§ Task to complete: Copy word for word the lines in the records below, starting at the line with "casco fahrradhelm roadster" and ending at the line with "Dress for girls. Butterick 6161.". Skip the pictures.
*** Record extracts ***
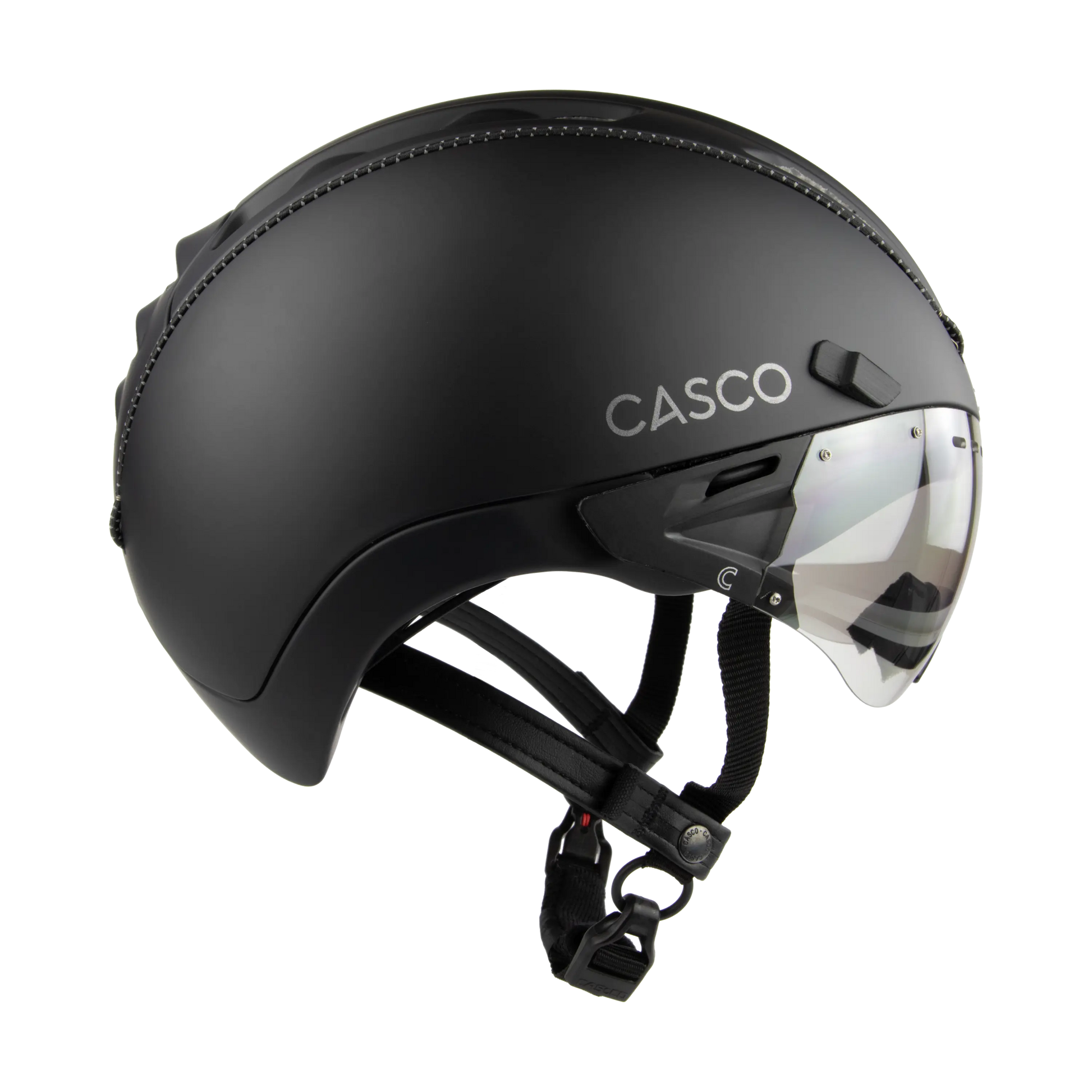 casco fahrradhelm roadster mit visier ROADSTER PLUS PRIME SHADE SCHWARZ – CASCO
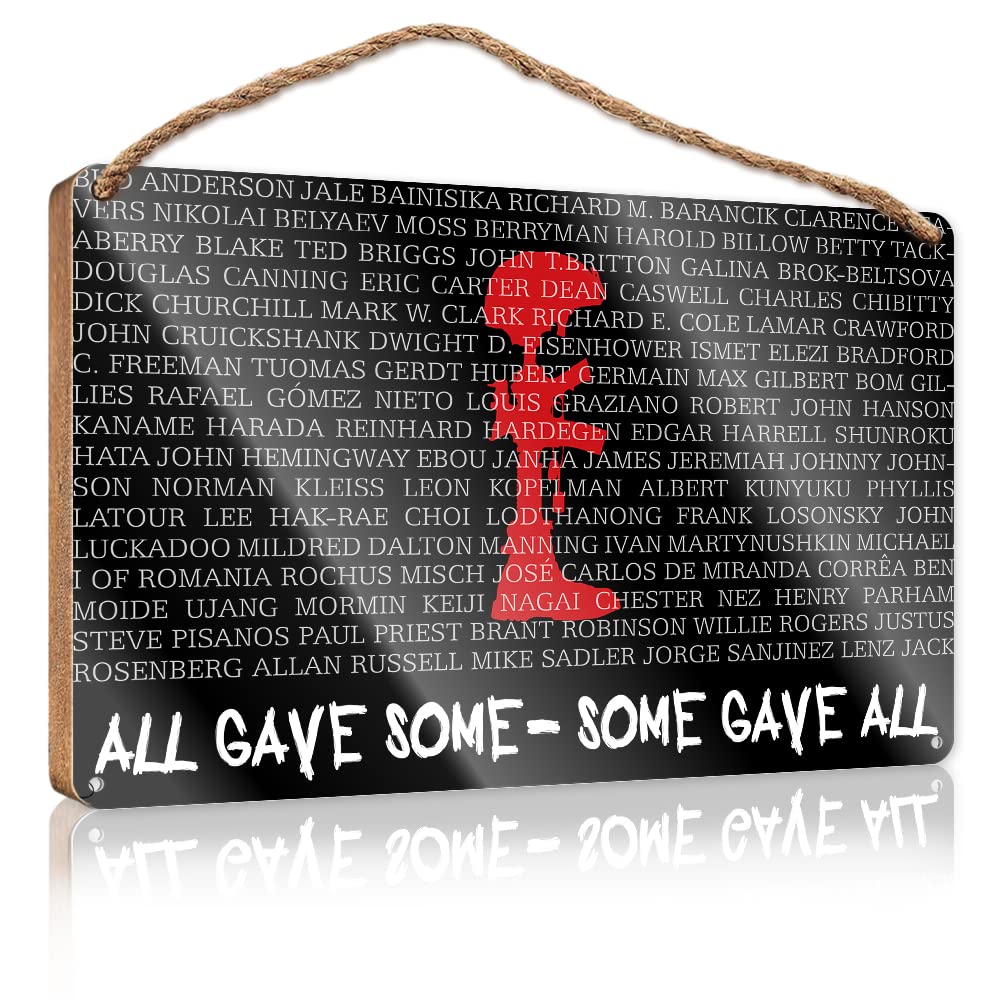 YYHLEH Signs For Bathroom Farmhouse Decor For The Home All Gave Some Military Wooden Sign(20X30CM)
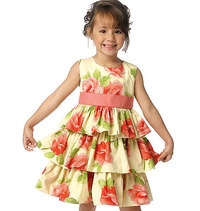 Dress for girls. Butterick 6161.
*** End of Record extracts ***
*** Record extracts ***
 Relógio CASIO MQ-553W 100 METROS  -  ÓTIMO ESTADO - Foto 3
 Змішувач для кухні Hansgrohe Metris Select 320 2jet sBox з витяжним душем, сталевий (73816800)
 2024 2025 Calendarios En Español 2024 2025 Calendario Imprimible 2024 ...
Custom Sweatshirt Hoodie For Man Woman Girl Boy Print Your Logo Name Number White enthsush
*** End of Record extracts ***
§ Completed task:
 casco fahrradhelm roadster mit visier ROADSTER PLUS PRIME SHADE SCHWARZ – CASCO
 YYHLEH Signs For Bathroom Farmhouse Decor For The Home All Gave Some Military Wooden Sign(20X30CM)
 Dress for girls. Butterick 6161.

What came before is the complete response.